# 02 Prairie 650 fuel pump?



## HondaGuy (Mar 2, 2010)

Been a while since I've been on, have pretty much got out of mud riding. I'm in need of some help though. My boss has a 02 Prairie 650 that has a bad fuel pump and trying to find a replacement has posed a bit of an issue lol, dealer wants $577 and my boss says he'll just push it to the back of the shed before spending that for one (can't say that I really blame him). Is there any cheaper option that won't require a complete and total redesign of the fuel system, which he also refuses to do. Is there a pump that will fit on the OEM fuel sending unit and go back in the tank?
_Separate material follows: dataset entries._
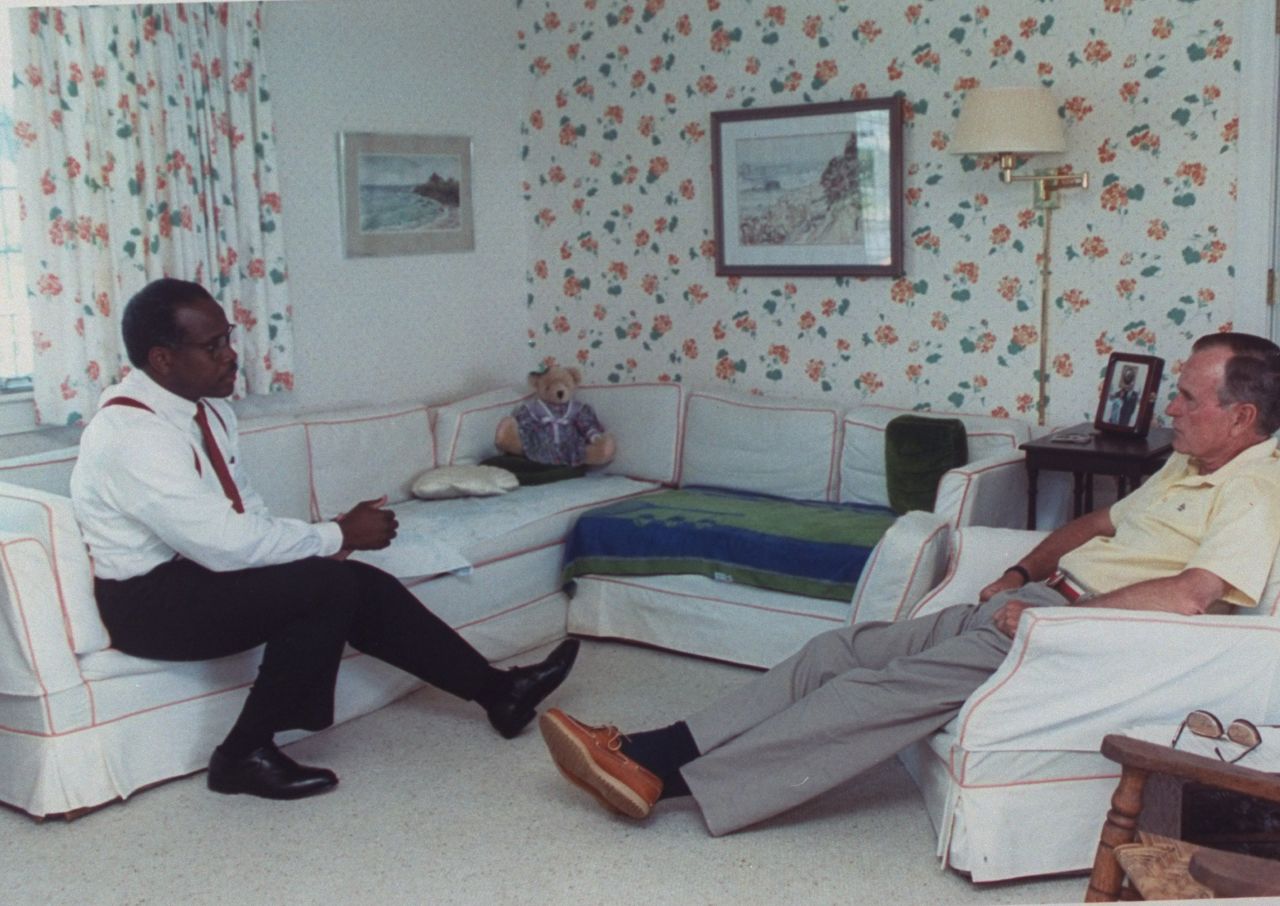 Thomas sits with US President George H.W. Bush at his vacation home in 1991. Bush nominated Thomas to fill the seat of retiring Supreme Court Justice Thurgood Marshall. At the time, Thomas was a judge for the US Court of Appeals for the District of Columbia Circuit.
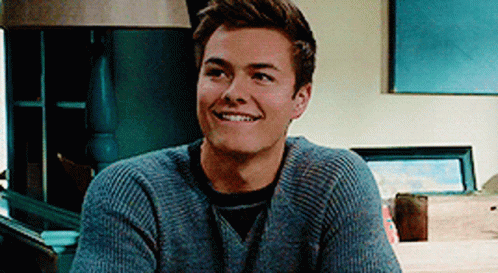 A Young Man Wearing A Grey Sweater Is Smiling While Sitting In Front Of A Lamp . GIF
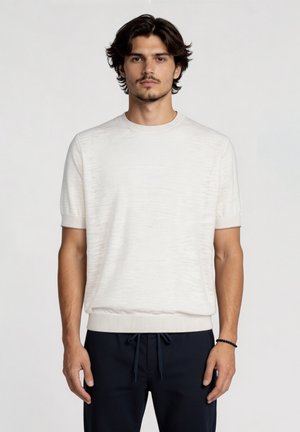 Giovane uomo con capelli scuri di media lunghezza che indossa una maglietta a maniche corte bianca tinta unita in maglia e pantaloni scuri con coulisse su sfondo semplice.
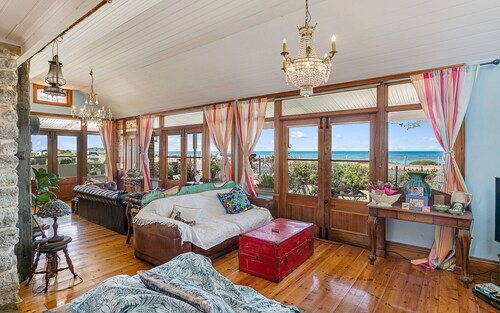 Beachfront romantic Greek Isle vibe rare  historic cottage breathtaking sunrises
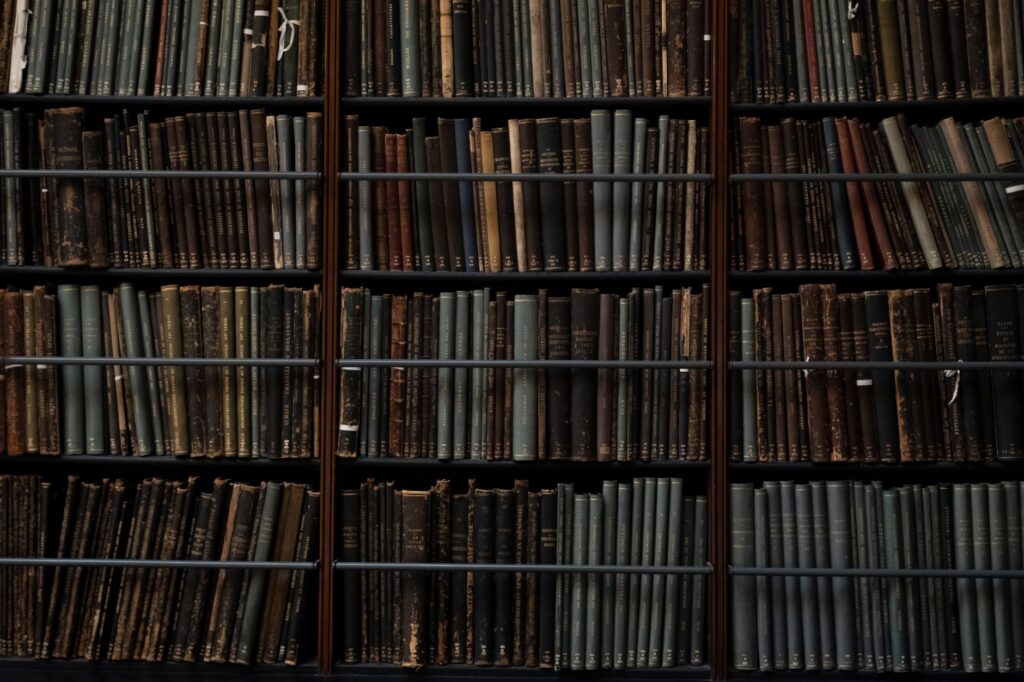 A close-up of vintage books on library shelves in London, showcasing an abundance of literary history, an image for Specific Problems in the Sources: Why I Left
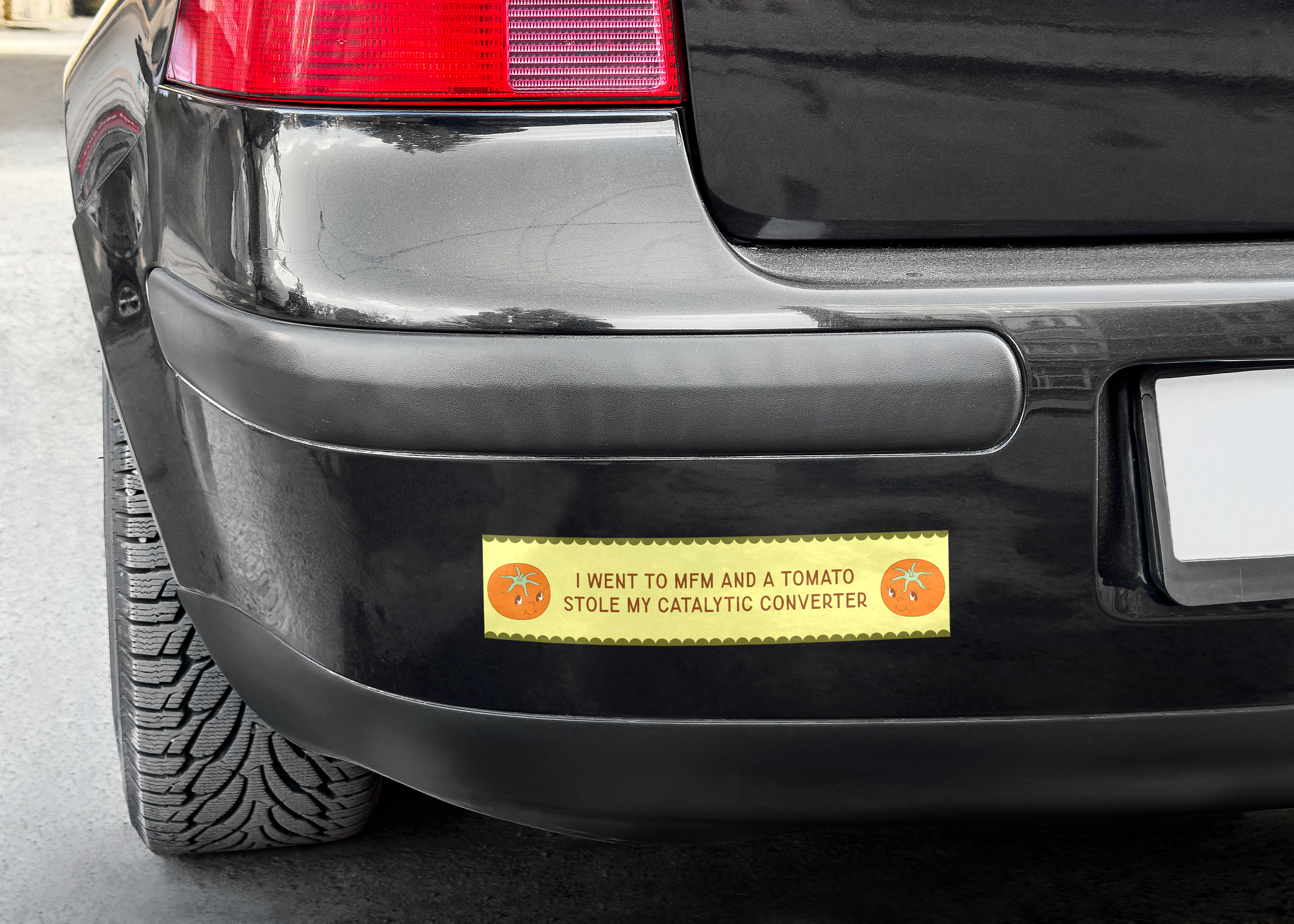 Slowpoke Studio refreshed the Memphis Farmers Market merch design adding anew revenue stream. Car with a bumper sticker that says, 'I WENT TO MFM AND A TOMATO STOLE MY CATALYTIC CONVERTER,' featuring small tomato illustrations with faces.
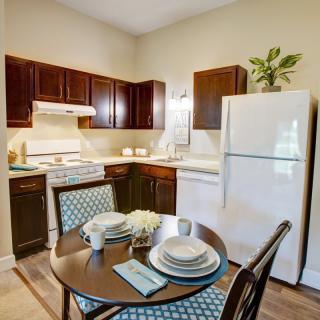 A cozy kitchen with a dining table set, featuring dark wood cabinets and modern appliances.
Any help would be greatly appreciated.


----------



## HondaGuy (Mar 2, 2010)

"awkward cricket chirping noise"


----------



## z24guy (Nov 27, 2010)

You could try and find a good used one on eBay or somthing.


----------



## HondaGuy (Mar 2, 2010)

Tried that, even tried a few other online ATV used parts sellers and they either don't have one for sale or want just about as much as the dealer does for the new one lol.


----------



## rmax (Nov 21, 2009)

mr gasket 45s low press in line electris pump ,45.00$ at auto supply


----------



## Mr.Scruffy (Jun 25, 2012)

I think we have a how-to for that set up. Do a search.


----------



## Snyiper (May 16, 2012)

Isnt the 650 the small black vacuum actuated one for carbs? I thought the high dollar pump was on the 750 FI units.


----------



## HondaGuy (Mar 2, 2010)

Mr.Scruffy said:


> I think we have a how-to for that set up. Do a search.
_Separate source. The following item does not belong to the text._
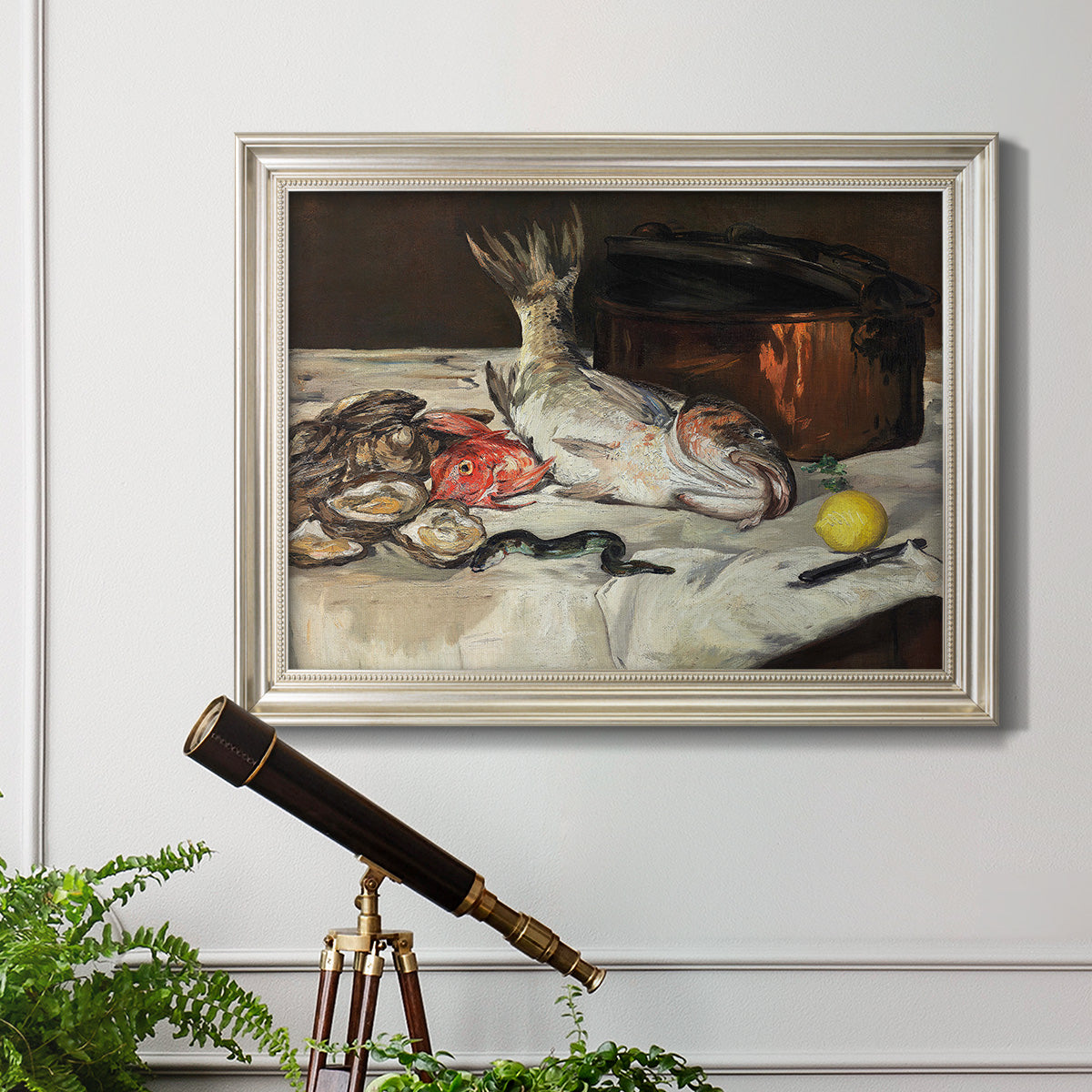 Impressionist still life painting of fish by Édouard Manet in an ornate champagne frame displayed in a light-toned interior setting.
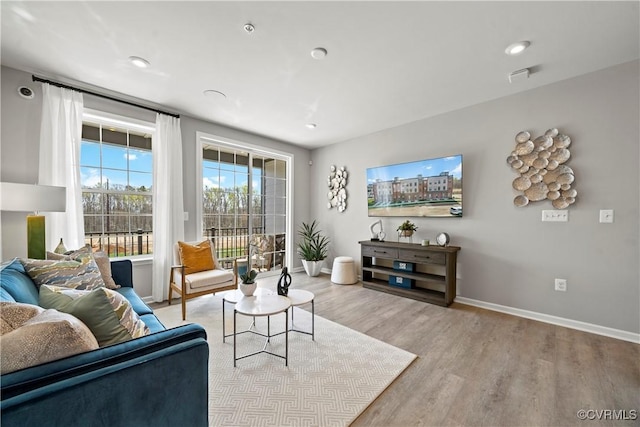living room with wood finished floors and baseboards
There is a writeup for replacing the vacuum pump on the Brutes, this forum, Highlifter, and Kawiriders neither one have anything regarding the electric in-tank pump in the Prairies, i searched all 3 all last weekend. Thought about rigging up an inline but he wouldnt let me, his exact words were if it's worth fixing it's worth doing right the first time. At any rate he ordered the one from the dealer last night.


----------



## HondaGuy (Mar 2, 2010)

Snyiper said:


> Isnt the 650 the small black vacuum actuated one for carbs? I thought the high dollar pump was on the 750 FI units.
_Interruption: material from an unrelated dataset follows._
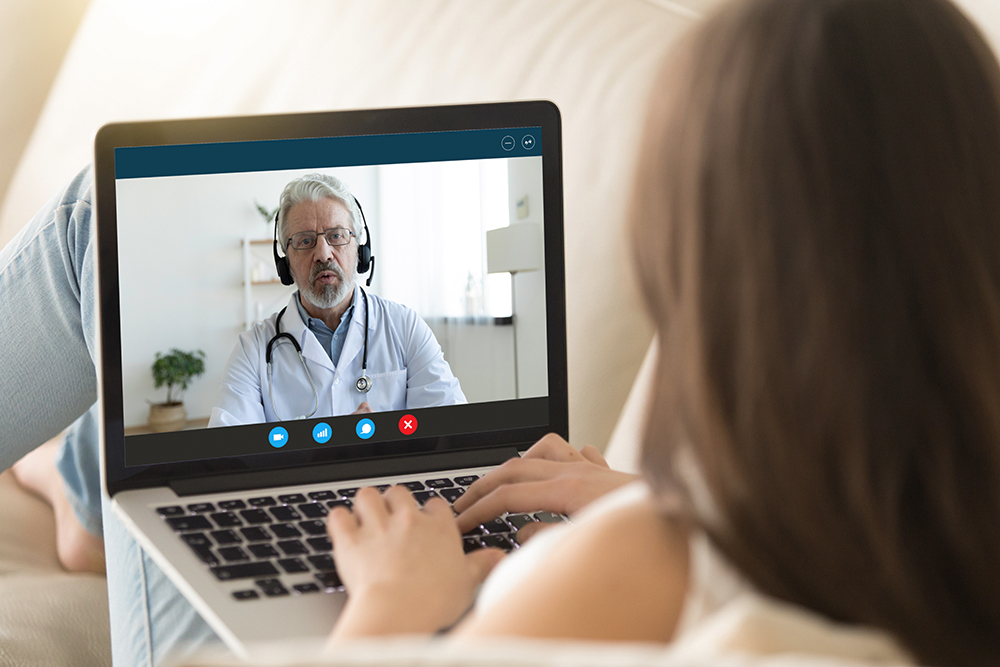 Girl communicating distantly with doctor using webcamera and laptop Girl communicating remotely with doctor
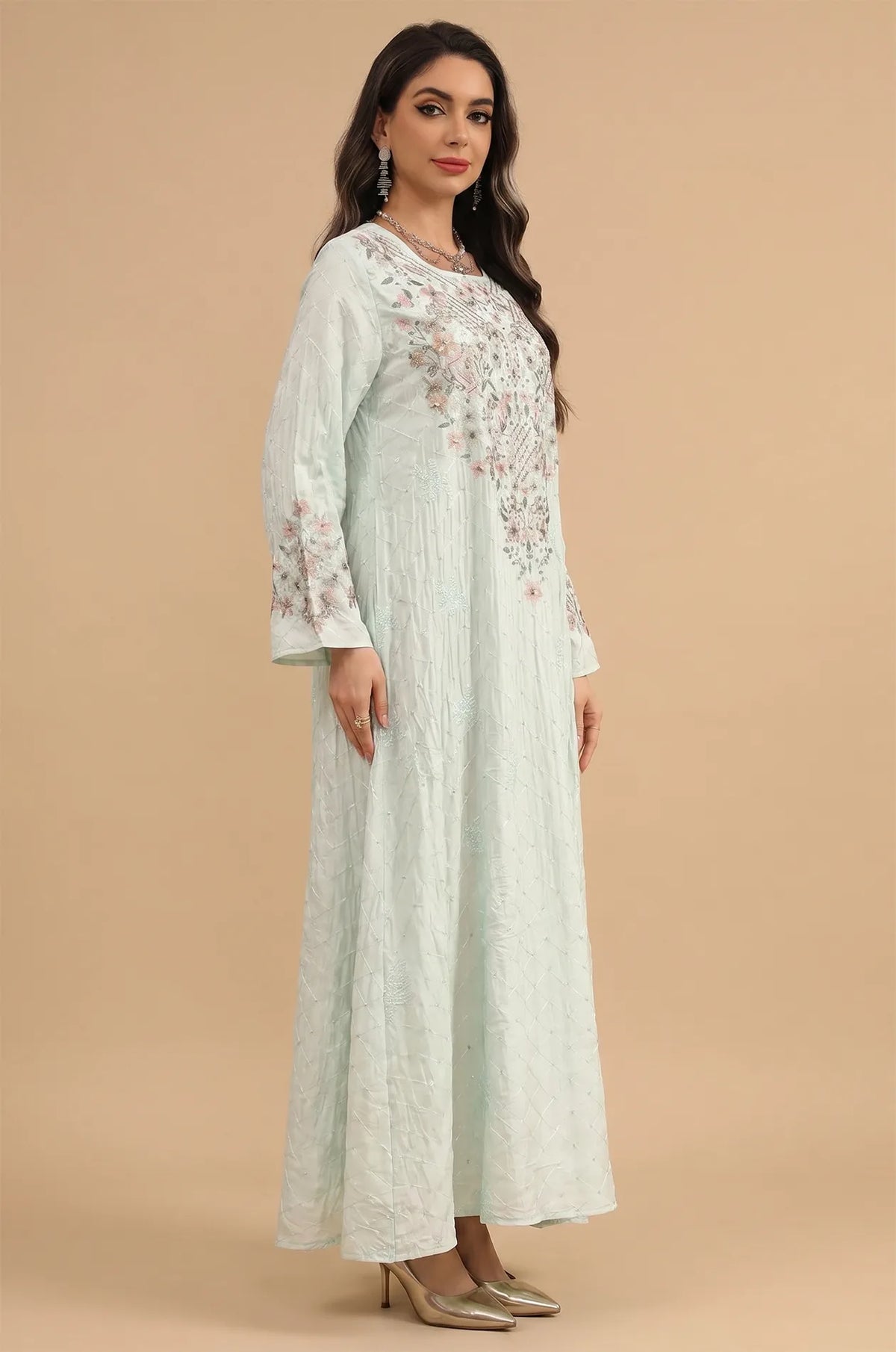 Side profile of the green Equis modest kaftan showcasing the flared bell sleeves and textured crepe fabric.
Nope, the Prairies (650s at least) have an electric pump in the tank.


----------



## Mr.Scruffy (Jun 25, 2012)

I stand corrected. I thought the Prairies were vacuum operated fuel pumps. Learned something new. thanks.


----------



## Snyiper (May 16, 2012)

HondaGuy said:


> Nope, the Prairies (650s at least) have an electric pump in the tank.


Ok the 650I brutes have the vacuum pumps


----------



## rmax (Nov 21, 2009)

i have a 03 650 prarie that i tryed to part out ,but never sold a peice of it, but i thought it had a vac operated pump


----------



## MeanGreenMan (May 24, 2010)

HondaGuy said:


> Nope, the Prairies (650s at least) have an electric pump in the tank.


You are CORRECT that Prairie 650 (with SRA) has electric fuel pump inside the fuel tank.

BF650 (with IRS) and carbed BF750 (2005-7) have a vacuum puse operated fuel pump on top of the fuel tank.

All EFI BF750 (2008+) have electric fuel pump inside the fuel tank.


----------



## HondaGuy (Mar 2, 2010)

rmax said:


> i have a 03 650 prarie that i tryed to part out ,but never sold a peice of it, but i thought it had a vac operated pump


Put that pump on eBay, you'll get a mint for it! lol

Do the 650 SRA Brutes have the same in tank electric pump setup by any chance? I know under the skin so to speak they haven't changed much since the original Prairie in 02.


----------



## filthyredneck (Feb 10, 2010)

My 07 650 sra brute had the vacuum pump....i know for sure because I replaced it due to a bad diaphragm.

"Killing Time Using Tapatalk 2"


----------



## HondaGuy (Mar 2, 2010)

Gotcha, I thought they used the vacuum style but wasn't sure.


----------